I’m not sure I understand the pricing for my application:
I need to create 40.000 assistants, each with a single roughly 100kb text file.
Does that mean each assistant will cost 0.20 x 0.0001 = $0.00002 per day, and that therefore the retrieval part of of the cost for the entire set of 40,000 assistants will cost around 40000 x 0.20 x 0.0001 = $0.8 per day?
If not, how much will it cost?
The docs merely state:
How will Retrieval in the API be priced?
Retrieval is priced at $0.20/GB per assistant per day. If your application stores 1GB of files for one day and passes it to two Assistants for the purpose of retrieval (e.g., customer-facing Assistant #1 and internal employee Assistant #2), you’ll be charged twice for this storage fee (2 * $0.20 per day). This fee does not vary with the number of end users and threads retrieving knowledge from a given assistant.

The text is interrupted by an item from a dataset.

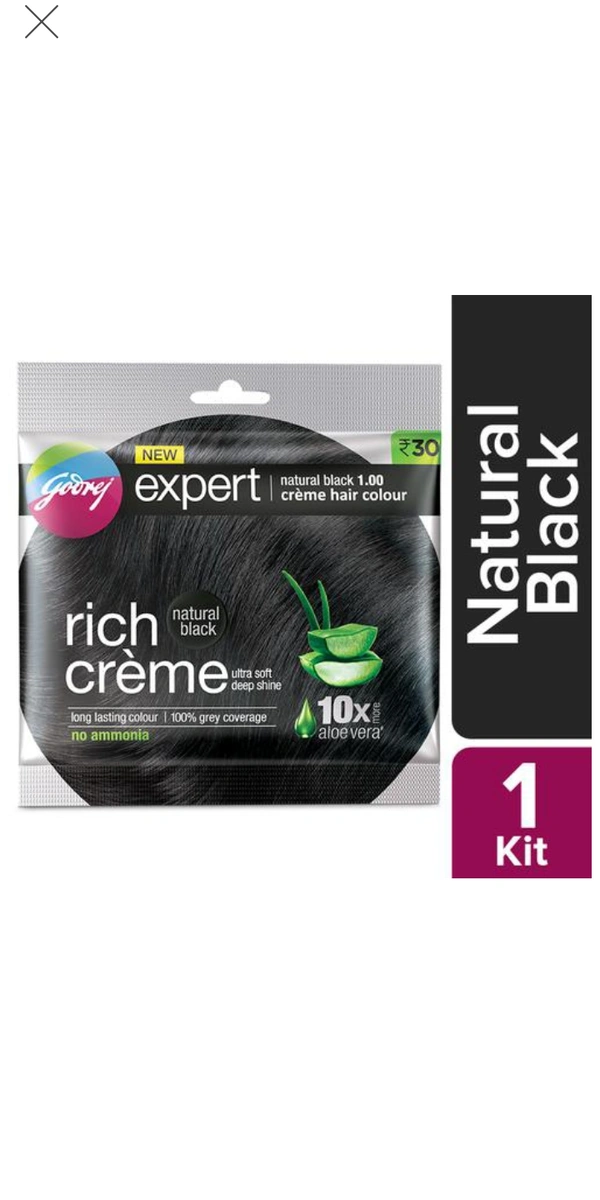 Rich Creme Hair Colour  - Black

There has to be a confusion. Why are you creating 40,000 assistants? an assistant is a configuration for a conversation or thread, you can have 1 assistant, the Doctor Assistant, and have 40,000 conversations or threads, all of them will have their own context, and the users will all see the same persona (assistant), the Doctor Assistant. At least that is how I understand assistants
With that many unique assistants, you’d be better off just having your own RAG, or maybe you can fit the 100k into the context window without the RAG? (pricier option, but no infrastructure)
Sounds like a “unique information per person” situation. Which is not the apparent intent of the OpenAI Assistant offering. Their offering is a single entity that serves everyone with the same knowledge.
40,000 assistants is insane. As @curt.kennedy mentioned you should just try even creating 40,000 to begin with. I don’t think that this is possible.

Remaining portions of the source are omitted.